昨年日本での発売を果たしたピックアップトラックのトライトンと2021年の登場から早くもマイナーチェンジを行ったアウトランダーPHEV。この2つのモデルにはどんな個性があるのか。かつてRVブームのど真ん中にいたMITSUBISHIが本気になった今、その実力と魅力に迫ってみる。
グローバルに俯瞰すると、明快に見えてくる
ブランドを支える2本の屋台骨
日本でのMITSUBISHIのイメージは「小さいクルマのブランド」かもしれない。現にデリカミニやekクロスシリーズは人気で街中でもよく見かける。というか、見ない日はない。もっといえばテレビCMも目立っている。デリカミニのCMは、「BRAND OF THEYEAR 2023」の「消費者を動かしたCM展開 特別賞」に輝いた。“デリ丸。”の動きがなんともチャーミングでかわいい。
とはいえ、グローバルに目を向けると異なる景色が見えてくる。2023年、ブランド内で一番売れたのはアウトランダーで、2位がトライトンだ。この2モデルで全体の34.8%を占めていることから人気の高さがうかがえる。2022年は1位トライトン、2位アウトランダー、2021年は1位アウトランダー、2位トライトンだから、この2つのモデルが二枚看板としての確固たる地位にあるのは明白だ。つまり、両者がMITSUBISHIの屋台骨となる。
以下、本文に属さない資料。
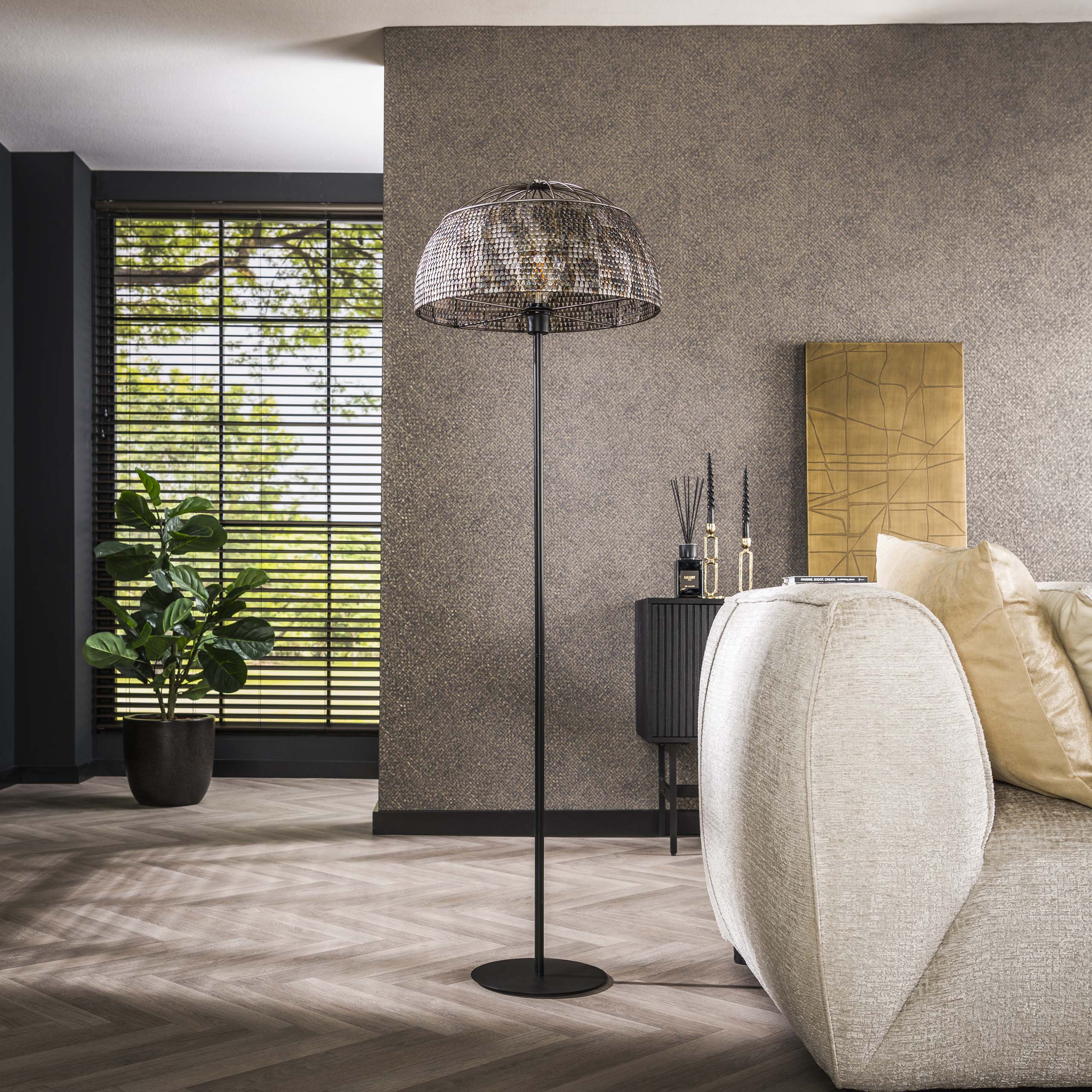 Floor lamp Ø50 armor open / Black brown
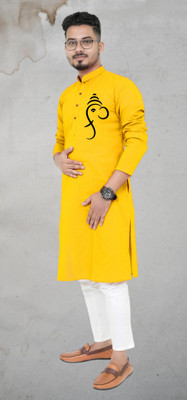 Mamta fab Men Printed Straight Kurta(Yellow)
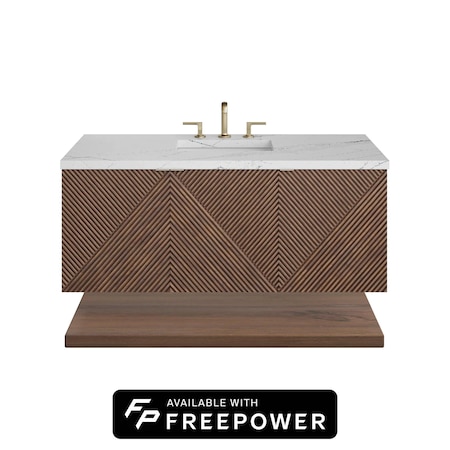 James Martin Vanities Marcello 48 in. Single Vanity, Chestnut w/ 3 CM Ethereal Noctis Silestone Top D200-V48-CSN-FENC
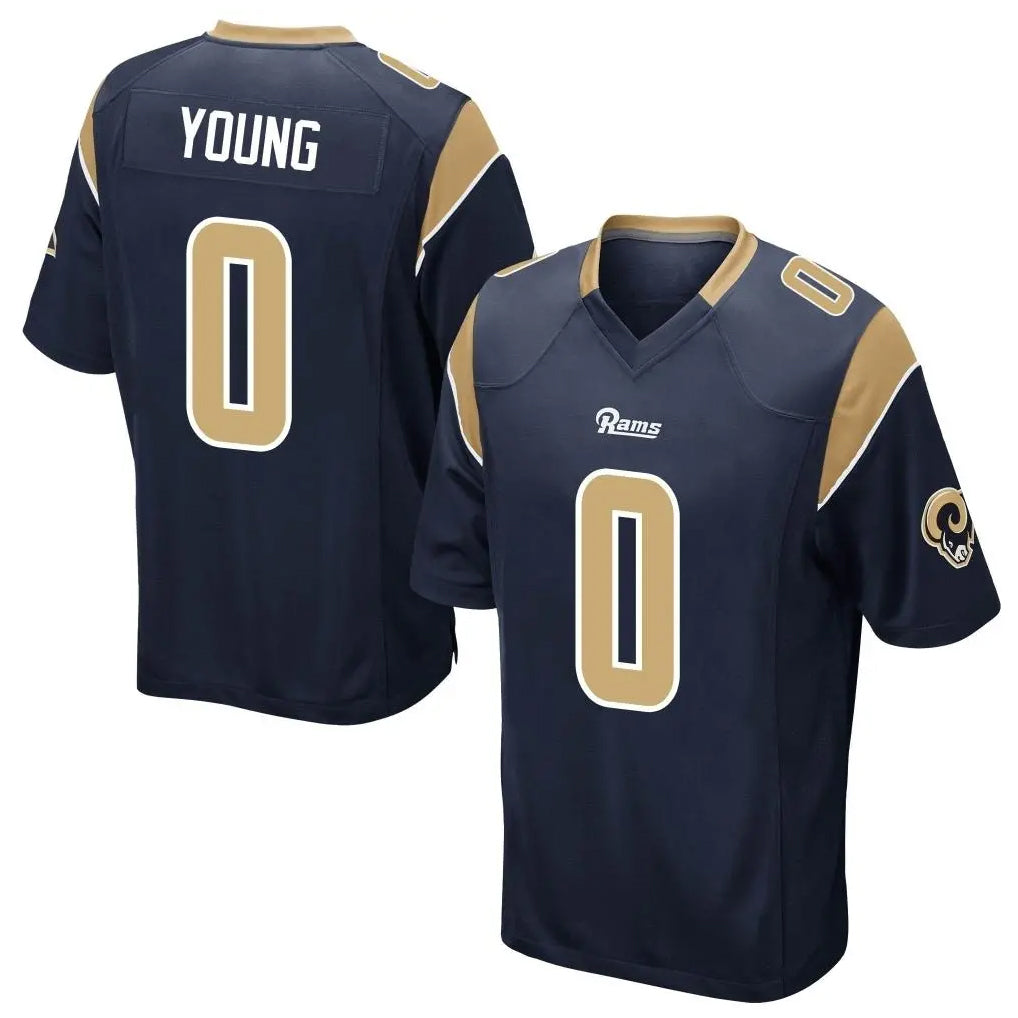 Johmsee LA.Rams #0 Byron Young Player Navy Home Game Stitched Jerseys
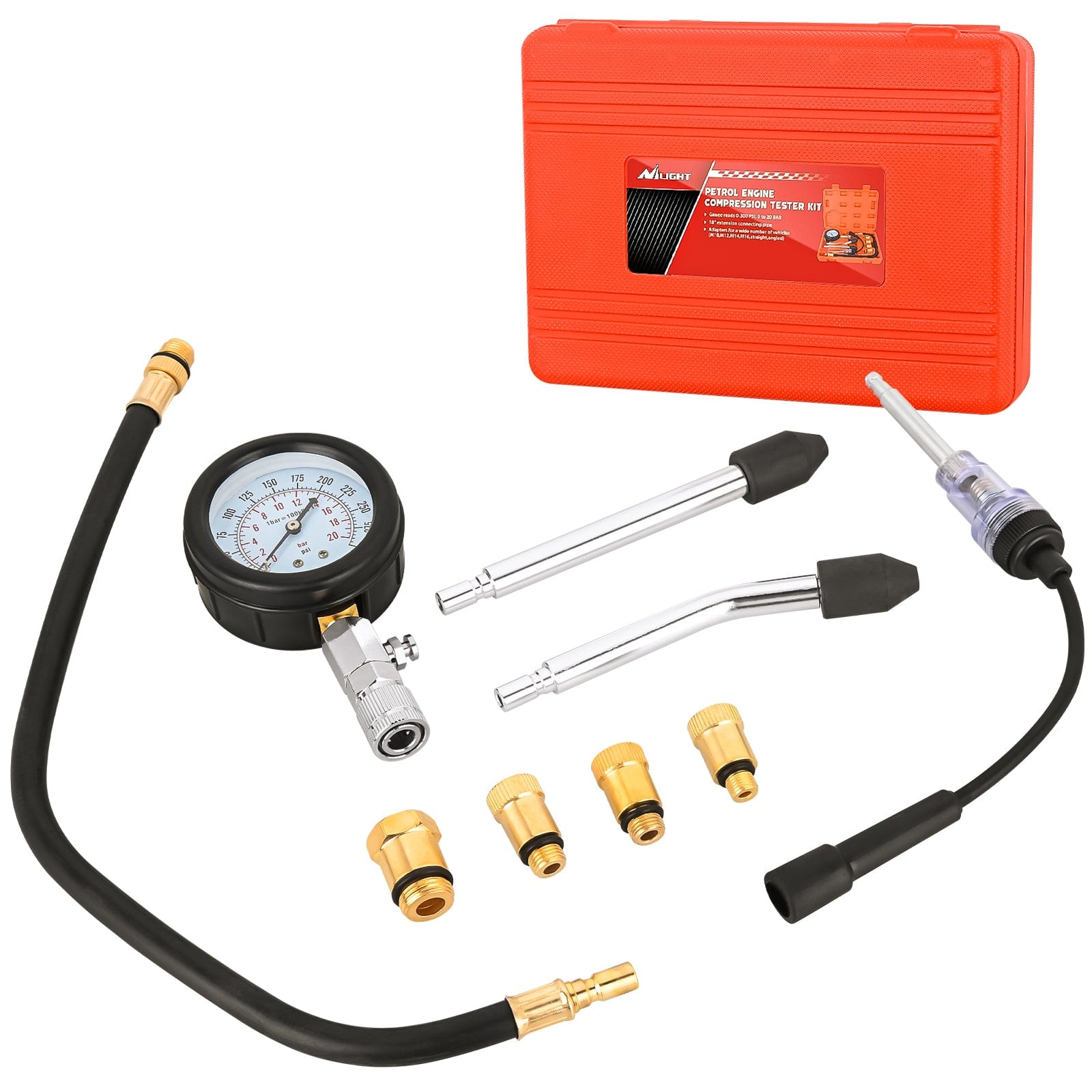 9PCS Petrol Gas Engine Cylinder Compression Tester Kit - Professional Automotive Diagnostic Tool for Motorcycle, ATV, Small Engine - Perfect for Mechanics & DIY Enthusiasts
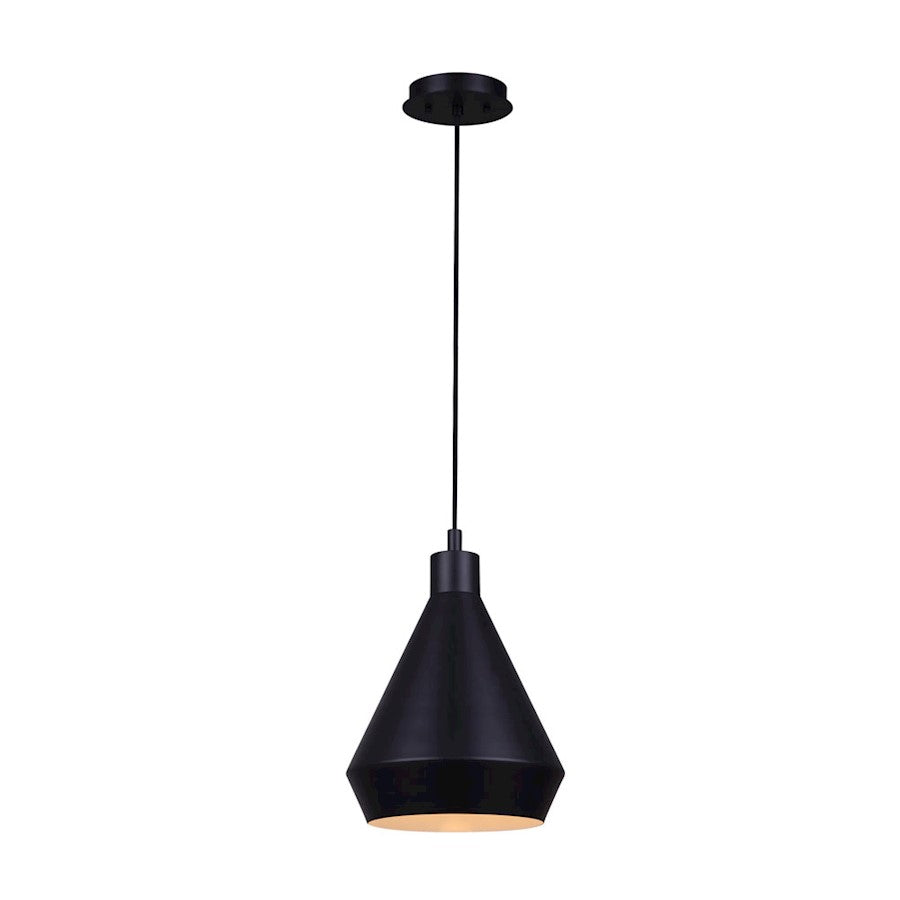 Canarm Byck 9in 1-Light Pendant | Modern Black Metal | Kitchen Island & Dining Room | 9 x 9 x 14 in | Model IPL1020A01BK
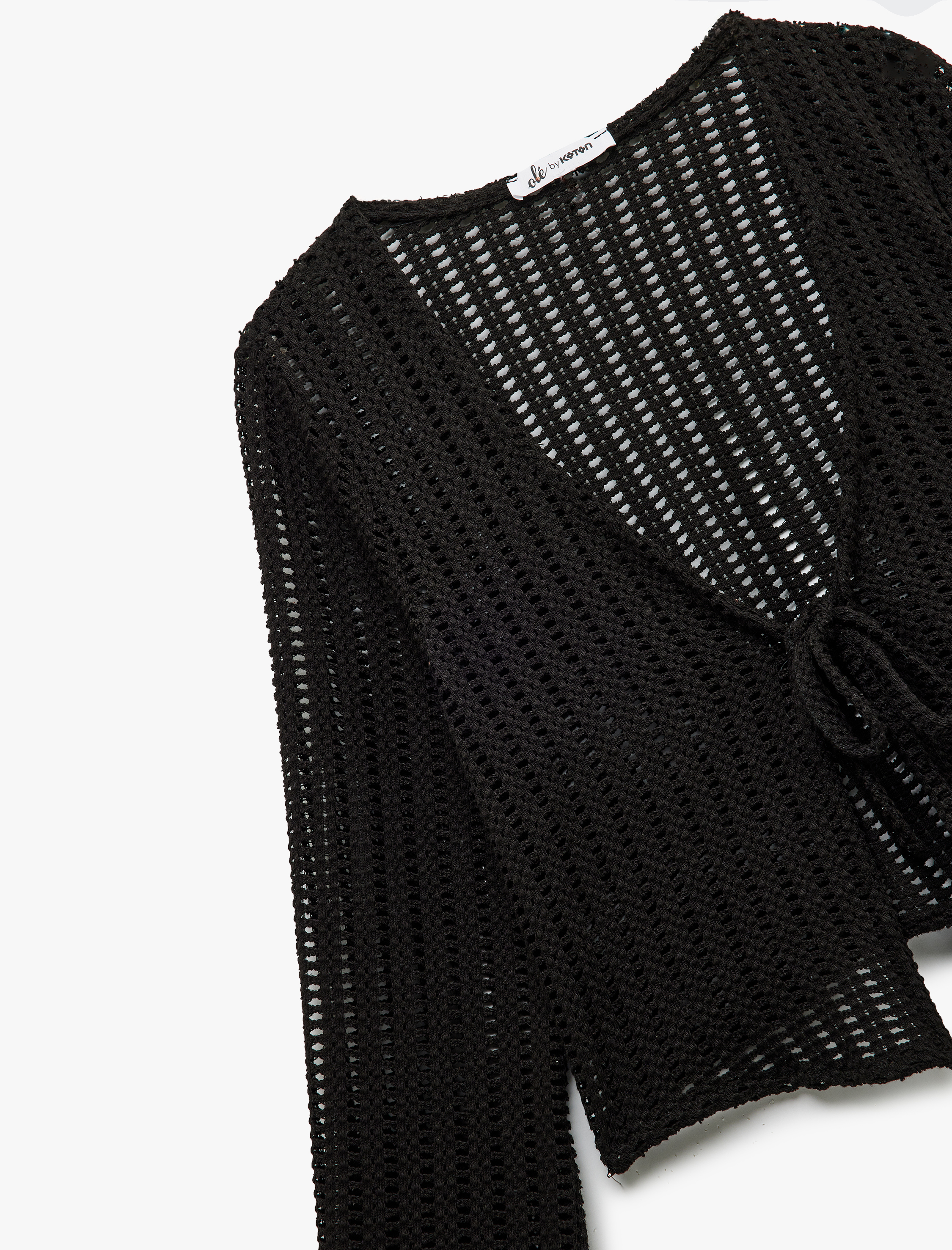   Pamuklu Bağlamalı Uzun Kollu Hırka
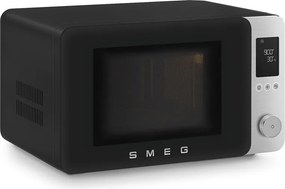 Комбинирана микровълнова фурна с горещ въздух SMEG Collezione MOC02BLMEU, 900W, 27 л, 25 програми, Плавно затваряне, Индивидуални настройки, Черен мат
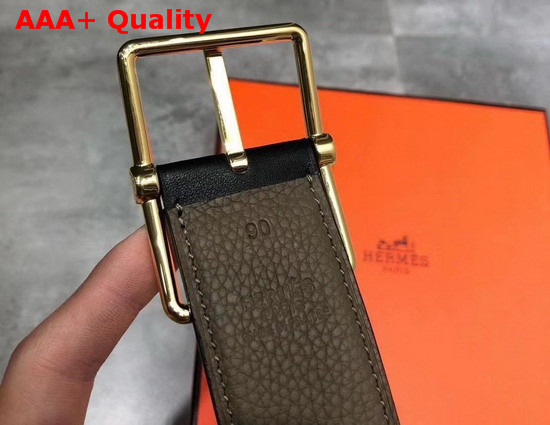 Hermes Saddle 38 Reversible Belt Black and Grey Box and Togo Calfskin Gold Buckle Replica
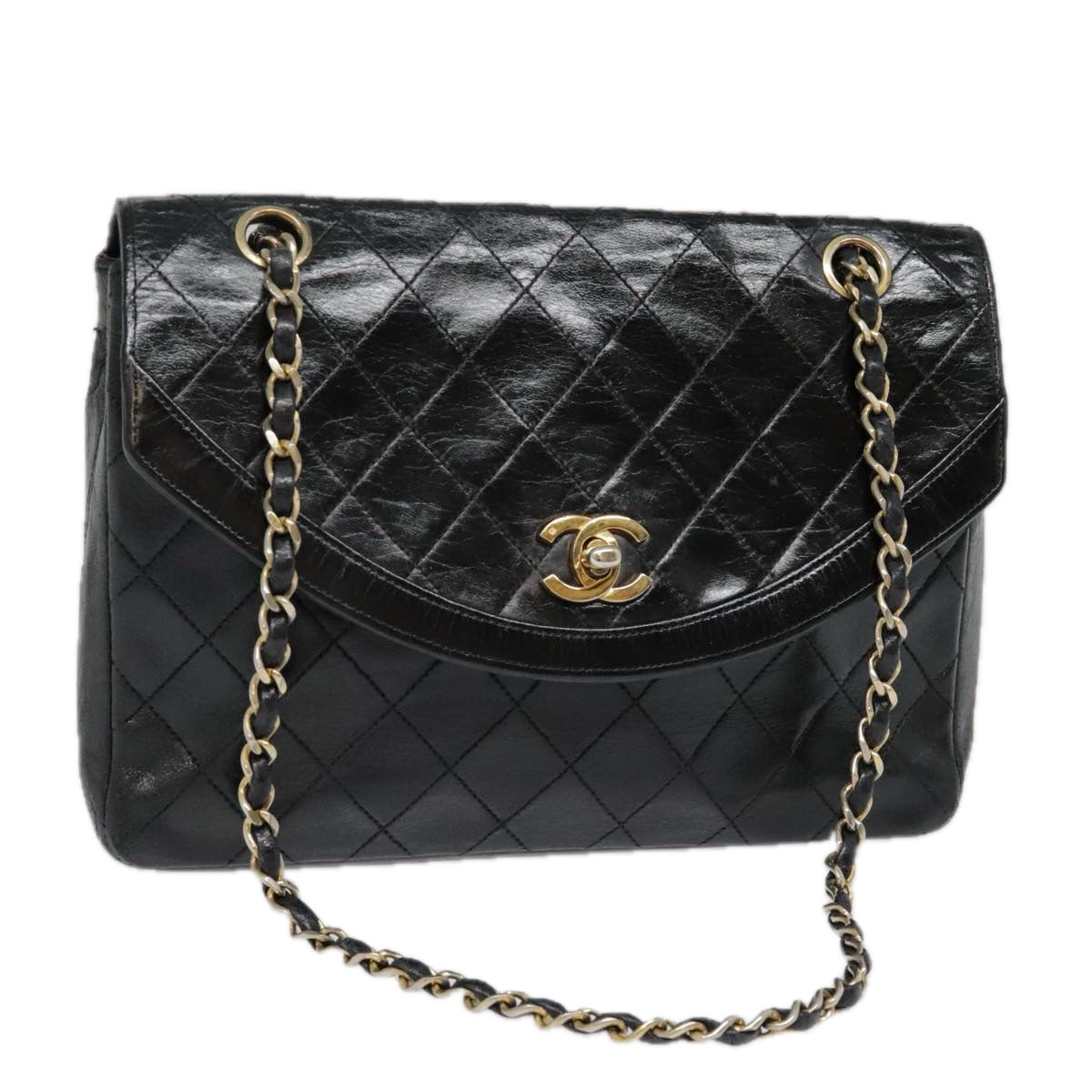 CHANEL Matelasse Chain Shoulder Bag Lamb Skin Gold Black CC Auth bs18532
もちろん、アウトランダーPHEVもトライトンも日本での注目度は高い。前者は2021年のフルモデルチェンジでイメージをガラリと変え評判を得た。走りもよく、個人的に三菱自動車にロングタームテストの話を持ちかけたほどだ。約1年間、日々の足にしたが印象はすこぶるいい。トライトンもまた「日本カー・オブ・ザ・イヤー2024-2025の10ベスト」に選ばれ、さらに「デザイン・カー・オブ・ザ・イヤー」にも輝いた。スタイリングが難しいダブルキャブをカッコよく仕上げたのがしっかり評価されている。学生時代からピックアップトラックに乗っていた身からするとこれはうれしい。あまり注目を浴びてこなかったカテゴリーだけに今回の受賞は大きな価値となる。
ということで今回この2つのモデルをフィーチャーしていくが、MITSUBISHIにとってこれらは得意分野であることを忘れてはならない。かつてRVで一世風靡したブランドが、いままさにアクティブに動き始めた。